··· Data for review

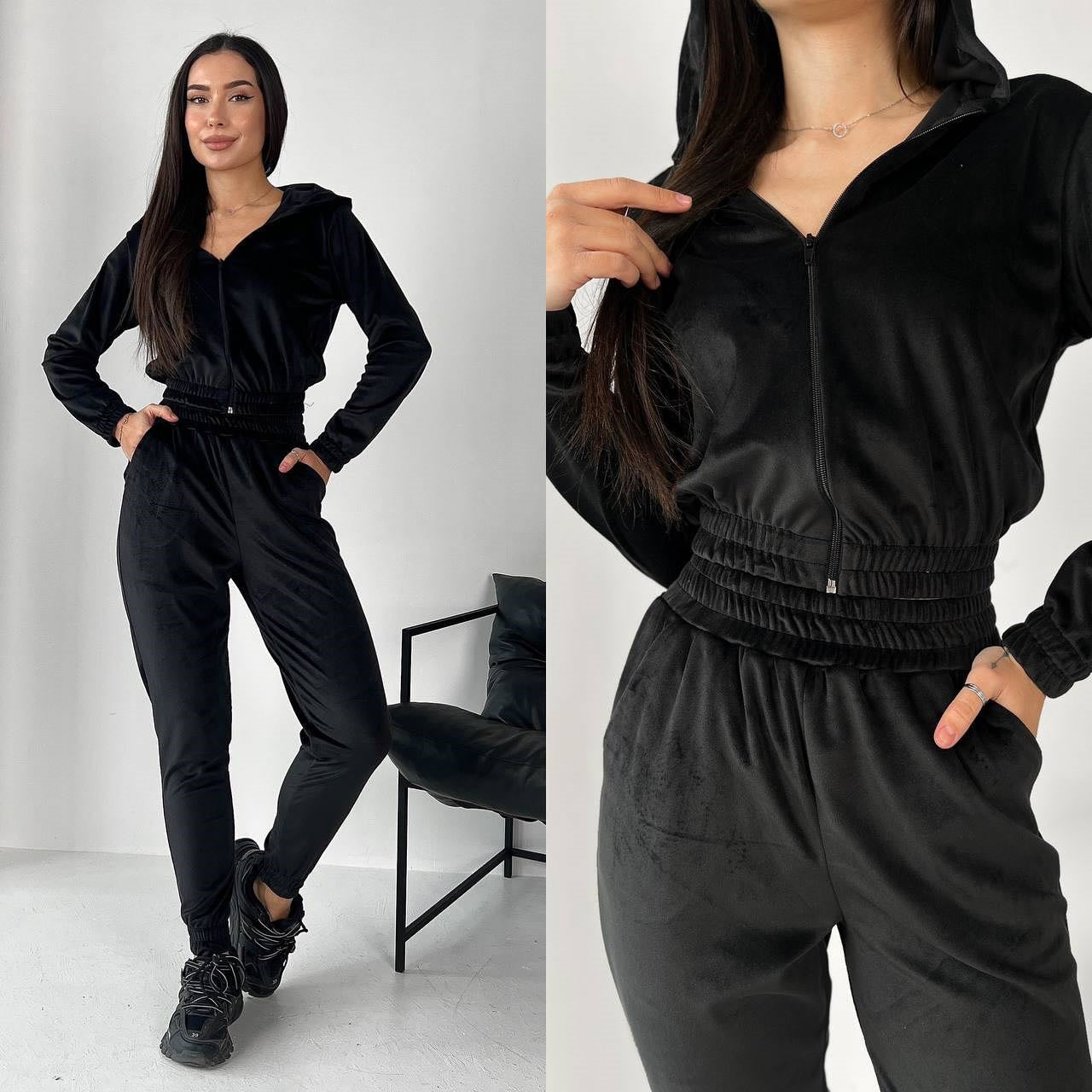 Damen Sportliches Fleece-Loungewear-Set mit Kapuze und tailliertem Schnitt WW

······
··· Data for review

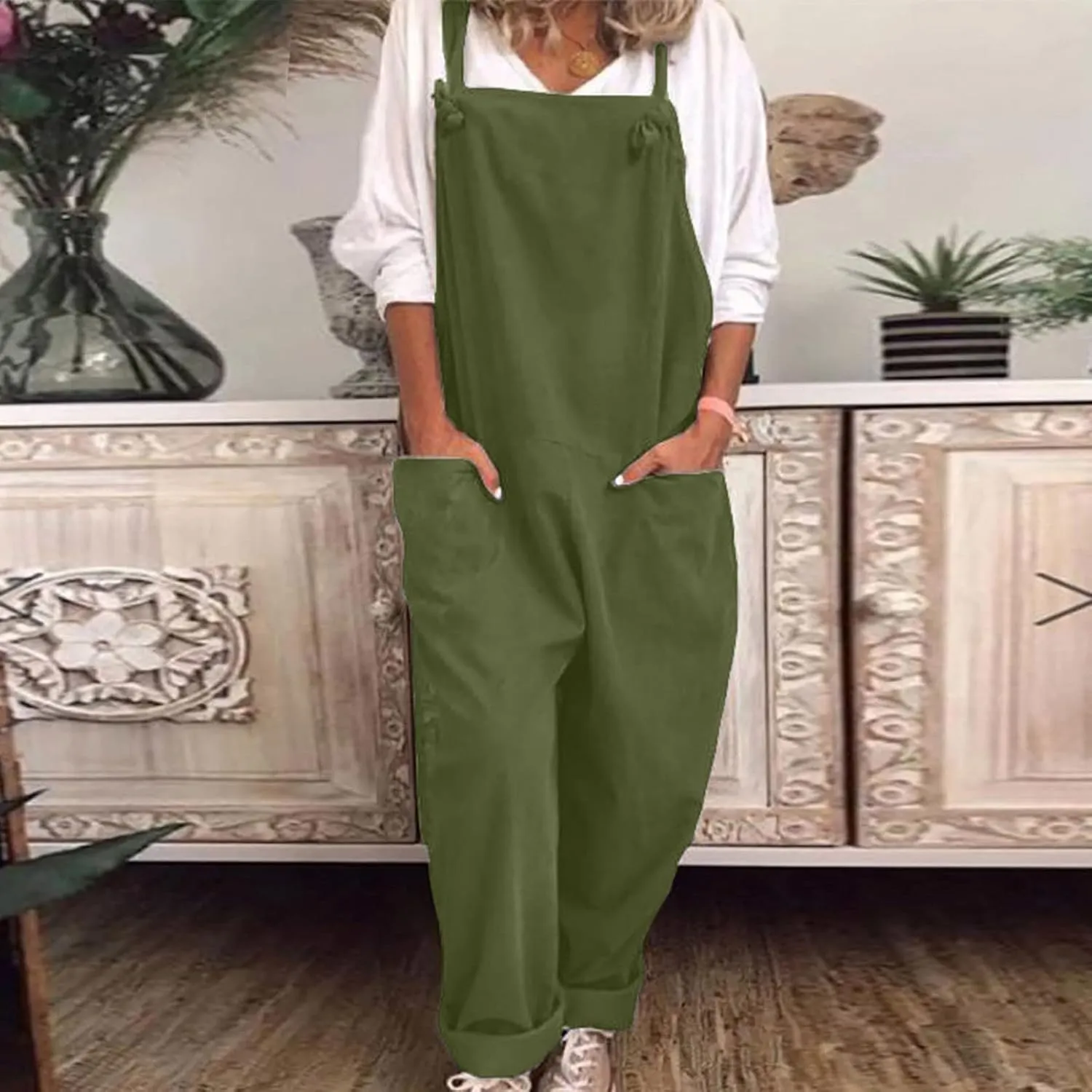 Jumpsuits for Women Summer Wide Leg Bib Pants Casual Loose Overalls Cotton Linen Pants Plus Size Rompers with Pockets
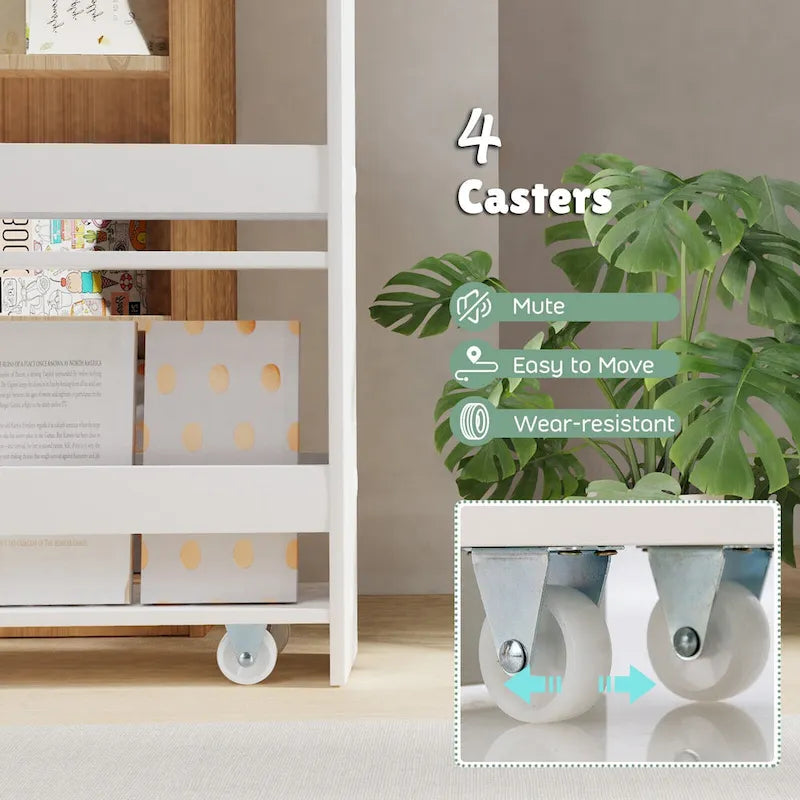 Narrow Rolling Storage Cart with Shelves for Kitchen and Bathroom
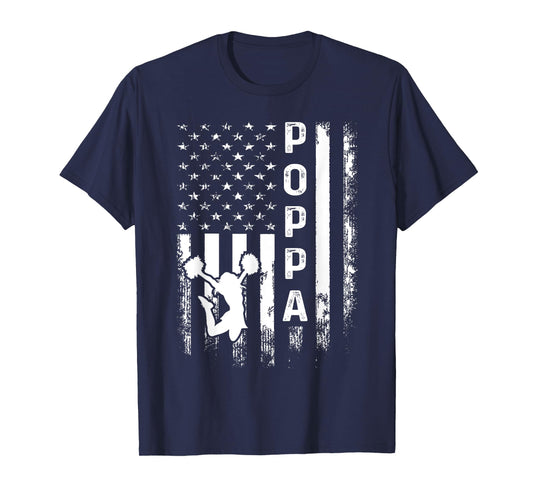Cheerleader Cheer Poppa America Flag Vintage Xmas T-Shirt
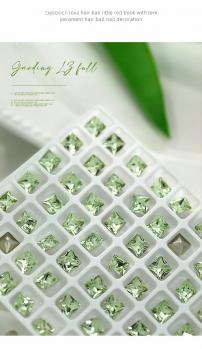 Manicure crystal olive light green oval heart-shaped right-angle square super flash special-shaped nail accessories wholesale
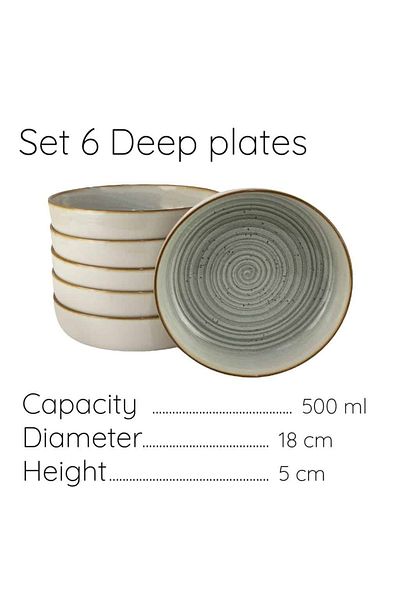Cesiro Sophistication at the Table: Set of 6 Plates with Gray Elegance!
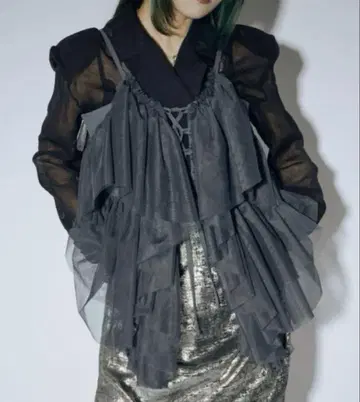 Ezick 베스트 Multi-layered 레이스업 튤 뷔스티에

······
··· Data for review

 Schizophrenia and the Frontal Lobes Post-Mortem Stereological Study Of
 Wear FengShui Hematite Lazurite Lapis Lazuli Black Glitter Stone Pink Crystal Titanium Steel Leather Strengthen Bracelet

······

## What the task requires
Among the records above, a stretch begins at the line containing "Schizophrenia and the" and ends at the line containing "Wear FengShui Hematite". Restate that stretch word for word, and nothing else.

## Answer to this task
 Schizophrenia and the Frontal Lobes Post-Mortem Stereological Study Of
 Wear FengShui Hematite Lazurite Lapis Lazuli Black Glitter Stone Pink Crystal Titanium Steel Leather Strengthen Bracelet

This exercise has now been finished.